The final letterpress part of the job was to print instructions, with a registration website (yes, another example of scope-broadening) and a unique number for each box. These got printed in black, using an auto-incrementing numbering machine for the numbers:

The bottom of the boxes, with instructions, website thisbox.info, and a unique number.

Meanwhile, the lino blocks! The blocks Lisa carved are in themselves things of beauty:

The carved lino block.

Lisa decided to hand-ink each box, using a “rainbow roll” technique we learned at the relief printing workshop, where two colours of ink are rolled out on glass in parallel, with some overlap:

Rainbow rolling red and blue into together on a sheet of glass.

We rolled the ink onto the lino block with the brayer for every print, initially on the table and, one we got rolling, on the press itself:

Inking the lino block with a rainbow roll.

To get the lino block to “type high,” we secured some ¾ inch MDF from Home Depot, cut down (at no charge!) to the right size. This took the block to almost exactly type high, with the difference made up in the packing.

Mounted lino block on the letterpress for printing.

Because we opted to hand-ink each box, and because the lino block was slightly larger than our largest brayer, we needed to roll the block in several passes for each box; eventually Lisa settled on a three-brayer scheme that saw the rainbow roll rolled down the middle, with supplementary blue and red on separate brayers. It was a lot of work, but we got it down to a well-oiled printing dance together.

And, of course, every box needed to be printed with two lino blocks, one for each side.

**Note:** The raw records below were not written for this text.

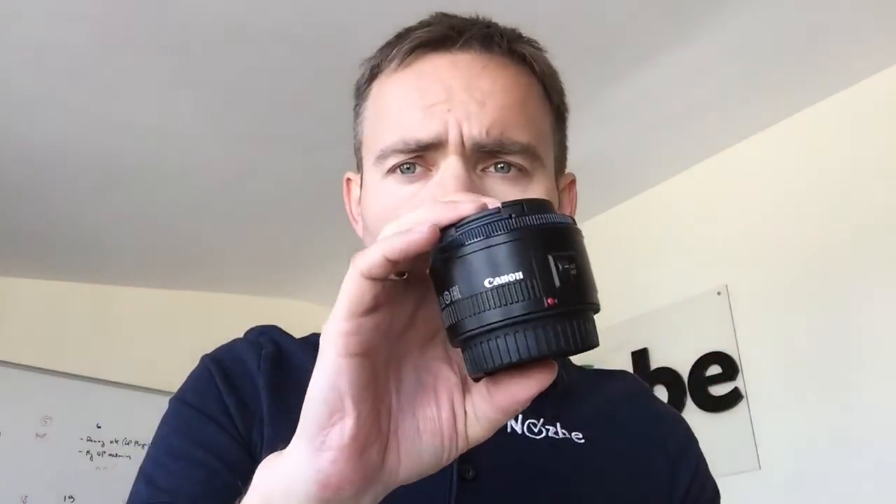My friends told me they got really good quality pictures with it, so that's why I got it. So going from zero to three: before this video I didn't have any camera, and now I have the Canon 100D and three lenses — the small standard one, the big tele one, and the 50mm f/1.8 prime.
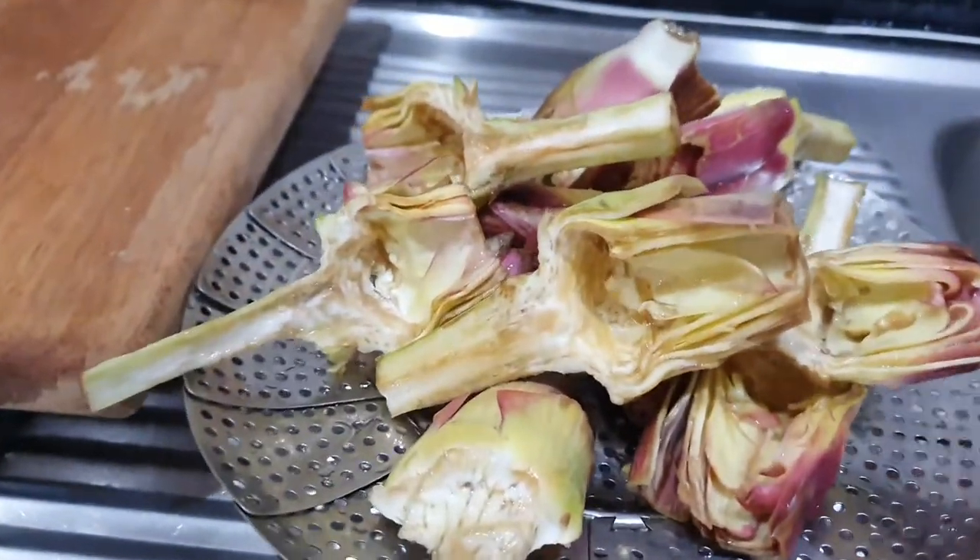We Indians have always been fascinated by the idea of cooking flower buds. As you might know, we cook kachnar — bauhinia flower buds — and swanjana ke phool, which are drumstick or moringa flowers. We also cook banana flower buds and use many other flower buds like roses and nasturtium. Today in this episode I would like to share how to cut artichokes to prepare them for a wonderful dish.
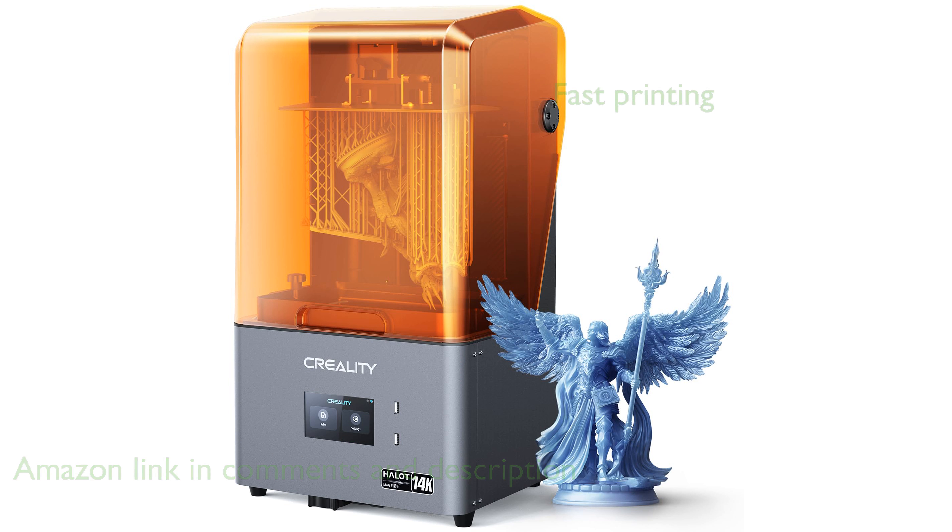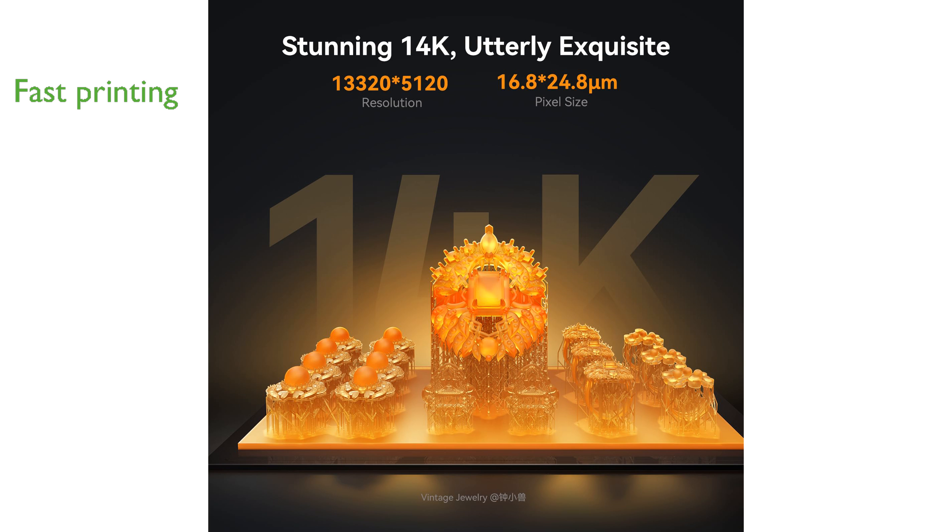With a printing speed of up to 150 millimeters per hour, this printer achieves three to four times faster results without any compromise on quality.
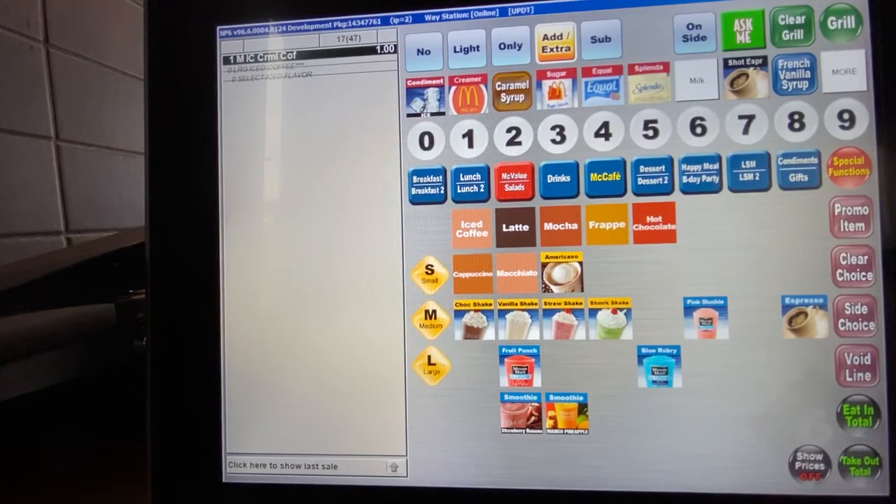For the other drinks — lattes, mochas, hot chocolates, cappuccinos, macchiatos — they will all ring up automatically as a small if you do not select a size. These are the drinks that come from the McCafe machine and they are all espresso-based drinks. The Americano and the shot of espresso are espresso-based as well; however, the shot of espresso is just one size. The Americano comes in different sizes. Let's go ahead and ring up a latte to see the different options.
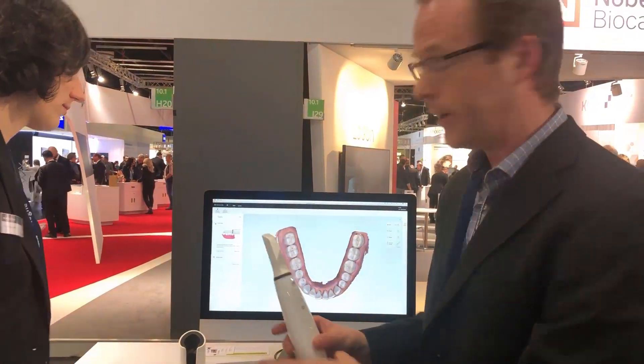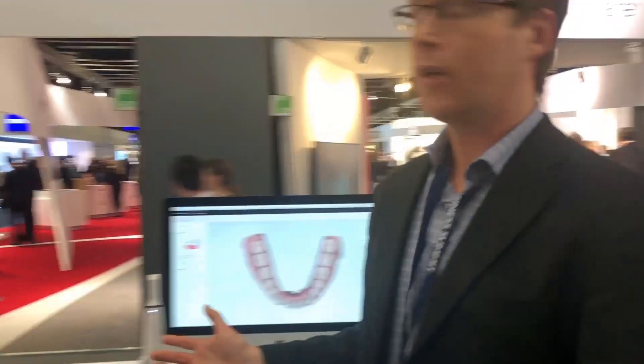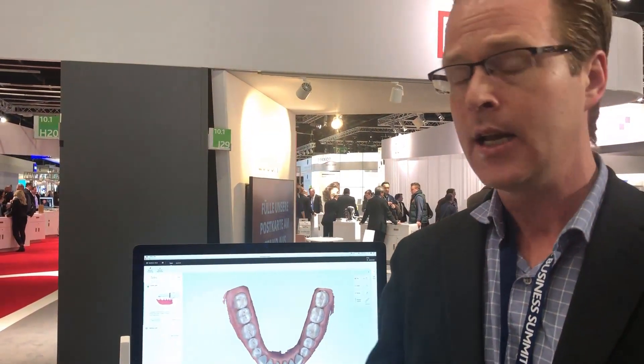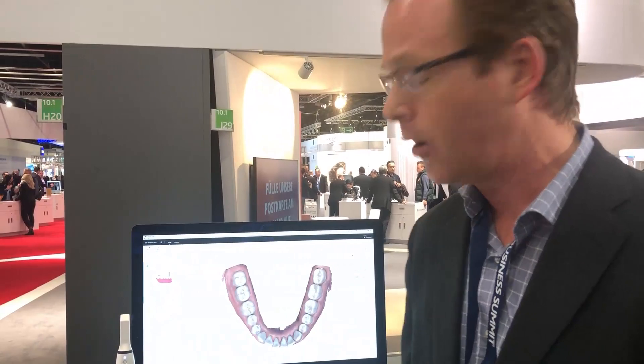Overall the scan looks pretty nice. It integrates with the DTX Studio side, which many Nobel users are used to working with for the CAVO cone beam scan and Nobel implants — it will plan CBCT imaging right away. So it's a very interesting, very promising scanner from CAVO. I look forward to seeing it here in the United States. This has been a review of the CAVO X-Pro.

It was a process that spread out over almost two weeks.

Lots of boxes, printing with the lino, laying out to dry.

All told, each box was printed seven times: one side each with lino-block, then four separate letterpress-printed messages on different parts of the box, and a final numbering run for the unique box numbers.

The finished box is something we’re both very pleased with:

 The finished box.

With all the boxes printed and the ink dried, all that was left was to assemble each box, fill with two of the three bottles of treats, and then deliver them near and far, explaining the “for good” concept many many times.

Our hope is that boxes get received, refilled, passed on, many times; we built a little website (a Google Form, for now) to allow people to register their box number, so that we can follow their journeys around the world.

I can say with some assurance that I have never been involved in a collaboration—artistic, logistic, design, spirit—as connected as this one was. Lisa and I can both rightfully attest that what emerged from our collaboration was something that neither of us could have arrived at individually. It was a joyful, intimate exercise in creativity. One we hope to repeat over and over.

Yes, James, I like projects.

Comments

Dave Hyndman's picture
Dave Hyndman on December 28, 2023 - 18:23 Permalink

A beautiful gift.

Google Form submitted and about to be passed on. 😊

Norman Finlayson's picture
Norman Finlayson on December 29, 2023 - 09:34 Permalink

Magnificent.

vbj's picture
vbj on December 30, 2023 - 08:18 Permalink

Part ship in a bottle--tossed out into the world, part chain letter--adding something to pass along, and wholly creative & collaborative, plus great karma. What's not to love?

Yvonne Hanson's picture
Yvonne Hanson on January 11, 2024 - 14:17 Permalink

These boxes are amazing! And the story how they came about was very entertaining! Congratulations to both you and Lisa for your success. Creative minds and great negotiation!

Michelle Pineau's picture
Michelle Pineau on January 18, 2024 - 04:55 Permalink

I find this project very interesting and would like to learn more.

Oliver's picture
Oliver on January 21, 2024 - 16:02 Permalink

Beautiful! Also impressive from beginning to end. The debossing (or does "embossing" work?) especially caught me by surprise, as something fancy and new.

Elmine's picture
Elmine on January 25, 2024 - 08:17 Permalink

I love your project so, so much. It felt a bit hard to pass it on so quickly, knowing how much labour you both put in. Nevertheless, we passed on our box to some dear friends. Looking forward to seeing how the box will travel around. And to your next project.